EX-10.2 3 d362655dex102.htm EX-10.2 EX-10.2



THIS AGREEMENT (this “Agreement”) is made as of June 7, 2017 by and between LeMaitre Vascular, Inc., a Delaware corporation with an address at 63 Second Avenue, Burlington, MA, 01803 USA (“LMAT”), and Peter R. Gebauer, an individual with a residence at Lessingstraße 7, 61440 Oberursel, Germany (“Gebauer”).

WHEREAS, as of the date hereof, Gebauer is employed as Managing Director of LeMaitre Vascular GmbH, a wholly-owned subsidiary of LMAT and a German limited liability company with an address at Otto-Volger-Str 5 a/b, 65843 Sulzbach, Germany (“GMBH”), and as President, International Operations of LMAT pursuant to that certain Managing Director Employment Agreement between GMBH and Gebauer dated as of October 1, 2008, as amended (the “Gebauer MD Agreement”);

WHEREAS, Gebauer has informed GMBH and LMAT that he wishes to transition from such roles to that of a part-time employee of LMAT in connection with his return to the United States on September 30, 2017;

WHEREAS, concurrently herewith, GMBH and Gebauer are entering into that certain Separation Agreement dated the date hereof (the “Separation Agreement”) with respect to his resignation from such roles as of September 30, 2017; and

WHEREAS, the parties wish to establish the terms of Gebauer’s part-time employment by LMAT in a new role beginning October 1, 2017 and ending August 15, 2018.

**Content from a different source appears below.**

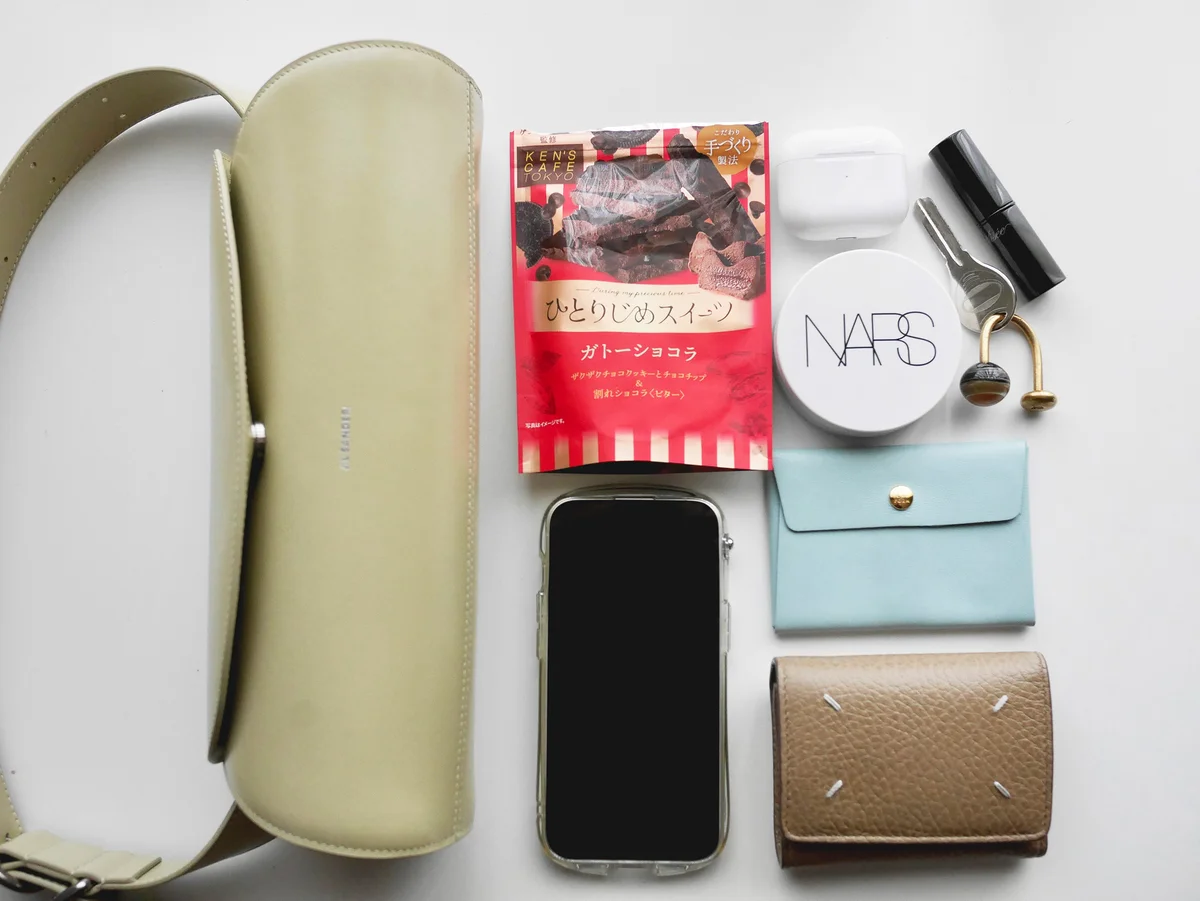 ジル サンダーのカンノーロバッグとバッグの中身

NOW THEREFORE in consideration of the mutual promises herein set forth and for other good and valuable consideration, the receipt of which the parties acknowledge, the parties hereby agree as follows:


1. Relocation Expense Reimbursement. Provided that Gebauer is employed by GMBH and LMAT through September 30, 2017 (the “Transition Date”) in accordance with the terms of the Separation Agreement, LMAT shall reimburse Gebauer for the actual costs that Gebauer and his family reasonably incur in relocating to Florida; provided, however, that in no event shall the obligation of LMAT to reimburse Gebauer for such expenses exceed $74,800. Any reimbursement of relocation expenses as provided for herein shall be contingent upon Gebauer’s submission of such appropriate receipts (and other documentation as LMAT may reasonably request) to LMAT by March 31, 2018.


2. Tax Equalization.


  a. 2016. The amount owing to Gebauer as a tax equalization payment for calendar year 2016 shall be paid by GMBH pursuant to the Separation Agreement by September 30, 2017.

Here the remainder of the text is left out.